Chairman and chief executive, Carpetright

It’s as bad as 1974, but we had different problems in those days. Although there was high unemployment in the 1970s, it was fairly steady. Now it’s growing. It’s definitely worse than the early 1990s. John Major had a reasonable balance of payments back then, he didn’t have the bank problems that we’re facing now. The banks have no money.

It could go on longer than people are expecting. It’s going to be very difficult because people have more personal debt and, although inflation is lower, pay rises are a lot lower than inflation than they were in the past. The inflation is 6 or 7 per cent, but people are only getting 3 per cent increases.

Nothing’s going to be simple but you’ve got to hold your nerve.
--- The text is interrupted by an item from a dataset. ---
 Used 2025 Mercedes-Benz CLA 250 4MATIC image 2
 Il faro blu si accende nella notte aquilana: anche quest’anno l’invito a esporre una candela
The key thing is to keep costs under control and keep your staff motivated, and you’ve got to make decisions early and make sure you’re not overstocked. People mustn’t panic.

Gerald Ratner

Former chief executive, Ratners

1991 was as bad as it gets. The Christmas run-up was terrible, so we decided to cut 25 per cent off prices. But the problem was we were already in a pre-Christmas Sale, so we were giving some stuff away. Also, we only did it on certain days. Even if you told people it was a one-off, they knew to wait for the next day to come along, so we’d get these huge spikes.

I’ve certainly learnt my lesson – this time around we’ve knocked 33 per cent off normal prices at Gerald Online and kept those prices reduced for a while. We’ve been doing that since April and it’s resulted in a dramatic increase in sales.

Your prices have to represent what people are prepared to pay at that given time. Pricing has always been a very clever, powerful tool. A lot of retailers will be focusing on marketing, advertising and image. For the middle people, which is where most of us are, I believe pricing is a paramount issue.

Equally, it’s no good being good at price if you don’t have the right product presented properly.